There were 64 undeliverable surveys and 1972 unique responses, giving an adjusted response rate of 48%. Thirty-nine cases with missing data on key stratifying variables (age, sex, zip code) were dropped from the analysis, giving a final sample size of 1933. Nonrespondents were more likely to live in a zip code with a high percentage of minority residents and to have enrolled in 1 of the HMO plans (results not shown). Percent minority population by zip code was assigned by using US Census Bureau data. For zip codes with missing census data we imputed the percent minority population using that of the next highest zip code in the census data. High minority zip codes were defined by being among the quartile of zip codes with the highest percentage of minority residents in our sample.

Table 1

Compared with the population of active state employees, respondents were more likely to be older workers and female; the proportion of respondents from each plan was very similar due to our sampling strategy (). There were no significant differences between early and late respondents to the survey. Results were weighted for nonresponse and poststratification on age, sex, plan, coverage type, and minority population by zip code.

eAppendices A

B

The results of our analyses are presented below. Pearson X2 tests were used to compare responses across groups; these findings were confirmed with logistic and multinomial logit models that controlled for age, sex, race, education level, household income, self-reported health status, use of specialist physician, use of the Internet for health information, and plan fixed effects. (Results of logistic and multinomial logit models are given in and ; available at www.ajmc.com.) We describe all comparisons across groups that were significant in both the X2 tests and regression models at the 5% level or better in the Results section below.

RESULTS

Awareness of Physician Tiers

Table 2

Survey results indicate that just under half of the survey respondents (49.5%) were aware prior to this survey that tiered physician networks were part of their health plan (). Minorities were less likely to be aware of the tiers prior to the survey; there were no differences in awareness across sex, age, household income, education levels, or self-reported health status. Members enrolled in 1 of the HMO plans were significantly less likely to be aware of the tiers than the survey average. As we expected, respondents who indicate they use their health plan as a source of information about specialists were more aware of the tiered networks. Respondents who reported having seen a specialist in the last year and respondents who reported using the Internet to search for health information were significantly more likely to have seen information about the tiers.

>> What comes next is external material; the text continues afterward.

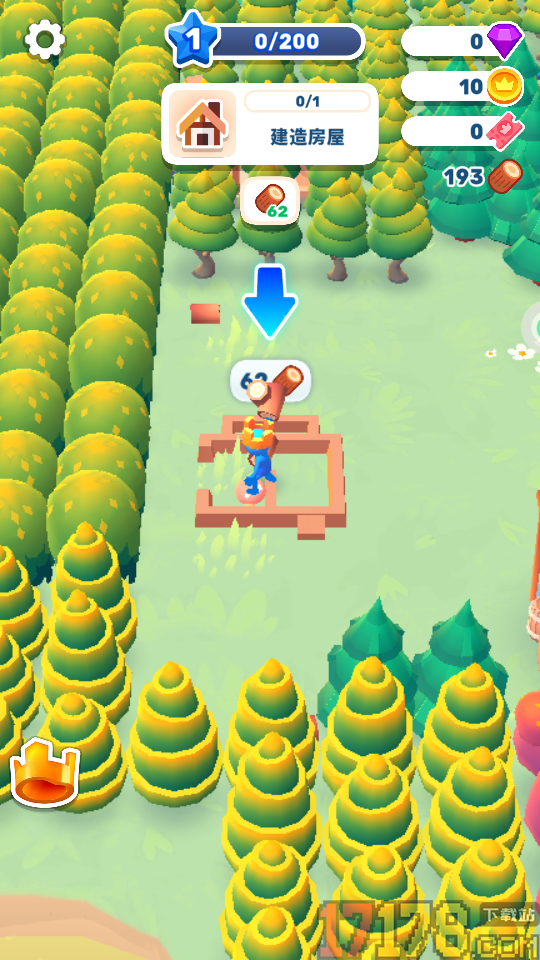 王国建造物语手游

A smaller proportion of respondents (19.0%) reported that they knew at least 1 of their doctors’ tier designation. This finding was consistent across demographic and other characteristics, except that respondents with family coverage were more likely to know their doctor’s tier than respondents with individual coverage (20.9% vs 16.2%; P <.025). Only 2% of respondents reported that they discussed the tiers with a doctor. This finding did not vary by demographic characteristics.

Understanding and Trust of the Tiers

Figure

A series of questions about understanding, trust, and use of the tiered networks were asked of people who indicated they were aware of the tiers prior to the survey (). A majority of the respondents who knew about the physician tiers thought that a physician’s tier designation was based on cost and quality information (59.3%); however, 17.8% thought their plans used cost information alone, and an additional 17.9% responded that they did not know how the tiers were constructed. The remaining 5% of respondents thought the tier designation was based on only quality measures. These findings were consistent across respondent characteristics.

A majority of respondents indicated that they either did not trust (35.5%) or did not know whether they trusted (22.5%) the physician tiers in their health plan to tell them which doctors are better than others. There were few differences in response to this question across individual characteristics. Respondents who said they used their health plan as a source of information when searching for a specialist physician were more likely to say that they trust the tier designations (52.3% vs 37.3%; P = .003). In contrast, enrollees in the indemnity plan were more likely to report that they did not trust the tiers to identify better doctors (50.6% vs 28.3%-38.6% in the other 5 plans; P = .005).

Respondents then were asked whether they would trust other sources to decide which doctors should be in a preferred versus a nonpreferred tier. Thirty-two percent of respondents indicated they would trust their own personal doctor, 43% would trust an independent organization (eg, Consumer Reports), and 49% would trust a physician professional society to allocate doctors across tiers. In comparison, 20% of respondents said they trusted their health plan and 20% said they trusted the GIC for the same information.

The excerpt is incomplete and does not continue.